Life and Work in Galloway


Storks

It’s hard to imagine that storks could ever lose their novelty. They’re enormous, and the rattling displays which accompany every departure and return of birds from the nest is uproarious. Necks are bent back to unthinkable angles, wings slump deadly down with elation as the beaks are made to snip and clatter like sewing machines. Watching them from the corner of a medieval plaza in the last gasp of blue dusk, the heavy birds come gliding in above the lamplight, catching an orange glow on their undersides like aeroplanes which pass above a sunset. And in the morning when the town is raucous with swallows and starlings, the returns are reversed for a departure. One bird heads out to the fields and the riverlands, while the other stays to shade the eggs or newborn, gawky chicks. It’s the wrong way round for a Scotsman who has only ever understood incubation as a means of bringing up the temperature. In Spain, the eggs and chicks can be scorched by the staring sun. So with eyes slit to a gentle dwam, the parent bird repels the heat like a parasol.

But they’re nothing like a centre of attention here amongst the work and business of local folk. The best way to mark yourself out as a visitor in Trujillo is by stopping to take a photograph of the storks which nest on the roof of the church of San Martín de Tours. Within the machine-gun rattle of Spanish conversation at street level, there’s no such thing as a pause to consider the cigueños. It’s as if they don’t exist, and men bend their attention towards the spitting of nutshells or the smoking of black cigars instead.

There’s more than simple indifference at work in lives which are so tightly interwoven with human beings, because the storks are an active inconvenience. In their various movements and observances, they repeatedly drop or fumble with nesting materials. Clods of grass and mud fall down onto the cars below, and litter is scattered freely across the town with every relay run. I hear that in poor years, older chicks will kill younger ones and cast them tumbling from the nest. And I presume it’s then for the street sweepers to gather up the wrecked remains of busted death from the pavement.

When a bluetit chick falls from its nest and wilts on the kerbside, you could easily miss the tragedy. But a baby stork would splat on the slabs like a painter’s scaffolding, and this would be called a disgrace in Britain. Petitions would be signed and presented to the local council in an effort to “clean up our streets” or assign high-viz welfare officers to look after birds which seemed to be ailing. But we’re uniquely pathetic in this respect, and in this (as in so many things) the Spanish are our wonderful opposites.

I doubt the people of Trujillo actively welcome shit and corpses strewn across their streets, but there’s nothing like a word of complaint from such close coexistence – and surely sufficient pleasure or duty to offset the inconvenience. Besides, certain buildings have custom-built racks and stays to stabilise the heavy nests, and even these are oddly passive help. It’s hard to know if they’re built to encourage the birds or simply because they’ll come and try anyway – and if they’re in a weldmesh cup, the risk and damage are reduced? Meanwhile, in certain farmers’ fields towards Santa Marta de Magasca, platforms are erected with the specific aim of drawing in storks to nest.
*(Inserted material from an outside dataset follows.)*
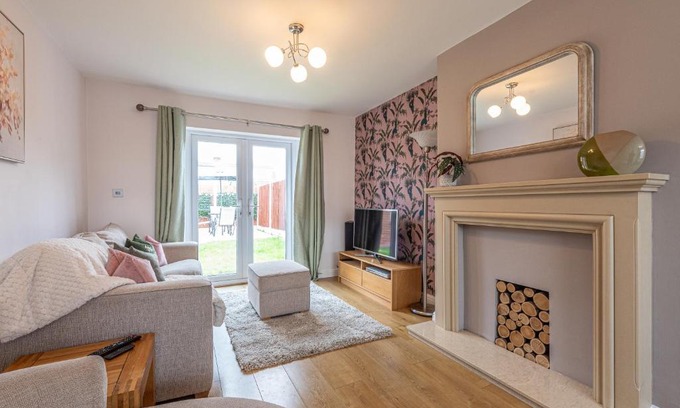 Blacon Apartment | Newly decorated home in Chester sleeps 4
There’s no real case to explain these towers beyond a simple desire to encourage birds where nest-sites might otherwise be lacking.

In the tourist shop which stands in the shadow of a dozen nests, there are postcards and fridge magnets which feature storks in all their strange enormity. Shops like these are always interesting because they show you what local people think you’ve come to see. Trujillo is endlessly beautiful, but there are only a handful of photographs of the plaza or the statue of bold Pizarro. Most of the shelf-space is given over to images of storks, and they’re worn as a badge of honour in the face of visiting crowds. They birds must lose their novelty eventually, but the people of Trujillo still know they are special – and it’s not for me to suggest that they don’t love the storks and the thousands of swifts which churn above the Alcazaba at dawn. It’s only to say that their love has a steadiness and a sense of calm that is quite unlike the fretful, restless disgust and concern that we seem to feel for birds in Britain.

For me, the rarest and most extraordinary thing we can do with wildlife is to look away from it; to know it’s there and think instead of something else. I don’t miss any one species which has declined or been lost from Galloway more than I miss the feeling that there’s nothing to worry about.



2 responses to “Storks”

  1. Trujillo in spring is a fabulous place, with the clacking of storks and surrounded by dehesa throbbing with life and buzzing with the soft sound of bee-eaters.

  2. “Petitions would be signed and presented to the local council in an effort to “clean up our streets.”” You’re so right, but I imagine the Spanish sun helps in its way to clean up the mess and turn it into something less likely to offend the wearer of white trainers when they step in it.